::: RECORDS FOR THIS TASK
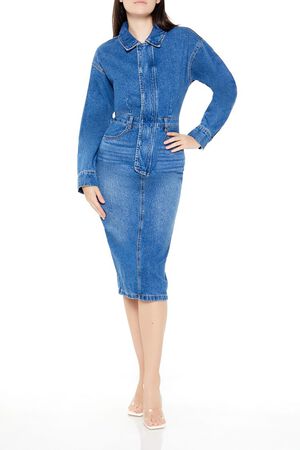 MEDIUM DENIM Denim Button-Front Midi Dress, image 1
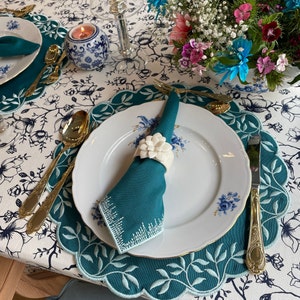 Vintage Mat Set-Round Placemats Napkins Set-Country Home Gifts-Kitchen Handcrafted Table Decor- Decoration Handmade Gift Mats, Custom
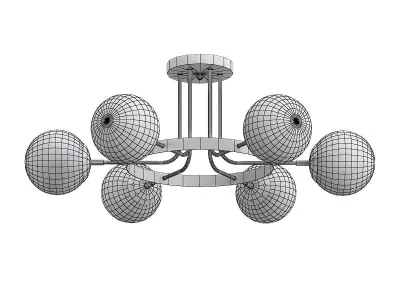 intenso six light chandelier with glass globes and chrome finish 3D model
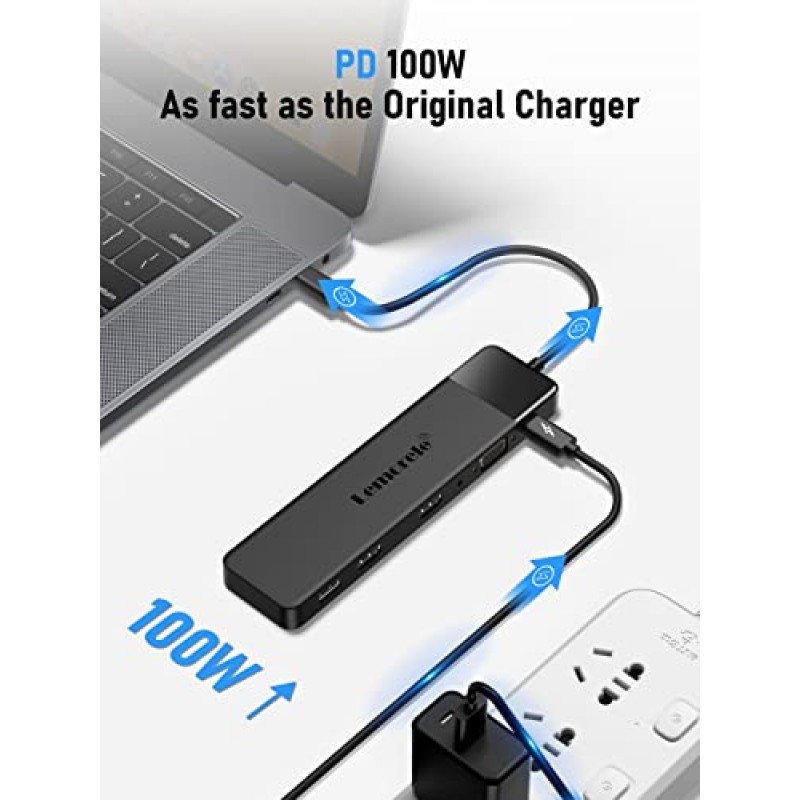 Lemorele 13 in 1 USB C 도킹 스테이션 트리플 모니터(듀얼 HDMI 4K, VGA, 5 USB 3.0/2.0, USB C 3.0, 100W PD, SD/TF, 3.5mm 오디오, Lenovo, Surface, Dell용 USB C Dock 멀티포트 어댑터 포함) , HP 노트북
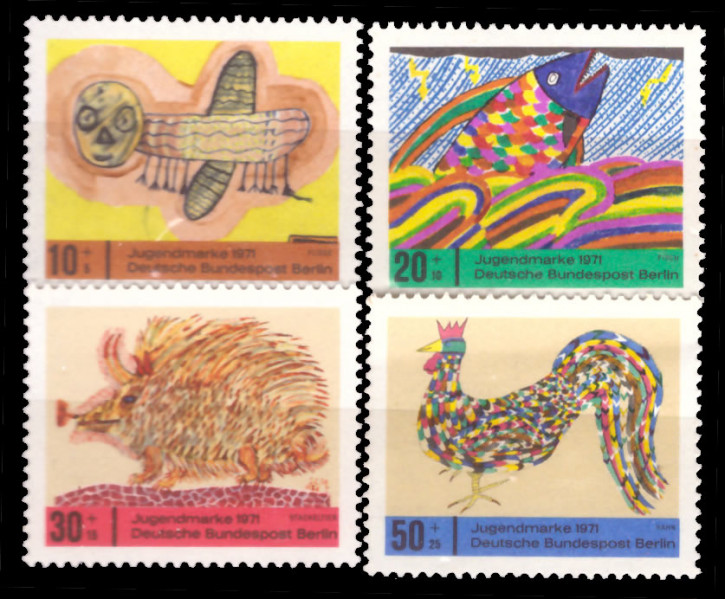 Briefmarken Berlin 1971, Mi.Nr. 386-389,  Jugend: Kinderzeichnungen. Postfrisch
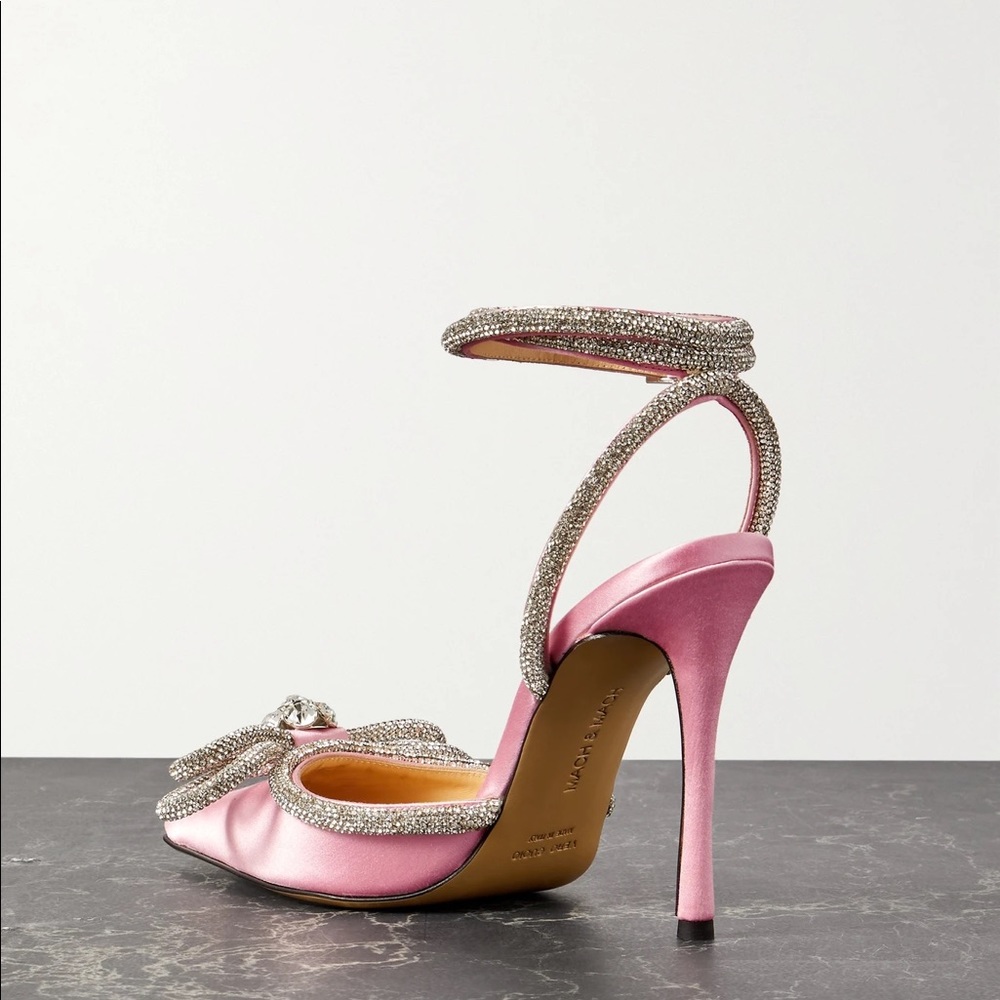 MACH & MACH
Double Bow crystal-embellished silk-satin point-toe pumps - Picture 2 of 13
::::::
◆ ASSIGNED TASK ◆
Your answer must be the lines from the one containing "intenso six light" through the final line of the entries, duplicated exactly, with both ends kept and all pictures left out.

◆ COMPLETED TASK ◆
 intenso six light chandelier with glass globes and chrome finish 3D model
 Lemorele 13 in 1 USB C 도킹 스테이션 트리플 모니터(듀얼 HDMI 4K, VGA, 5 USB 3.0/2.0, USB C 3.0, 100W PD, SD/TF, 3.5mm 오디오, Lenovo, Surface, Dell용 USB C Dock 멀티포트 어댑터 포함) , HP 노트북
 Briefmarken Berlin 1971, Mi.Nr. 386-389,  Jugend: Kinderzeichnungen. Postfrisch
 MACH & MACH
Double Bow crystal-embellished silk-satin point-toe pumps - Picture 2 of 13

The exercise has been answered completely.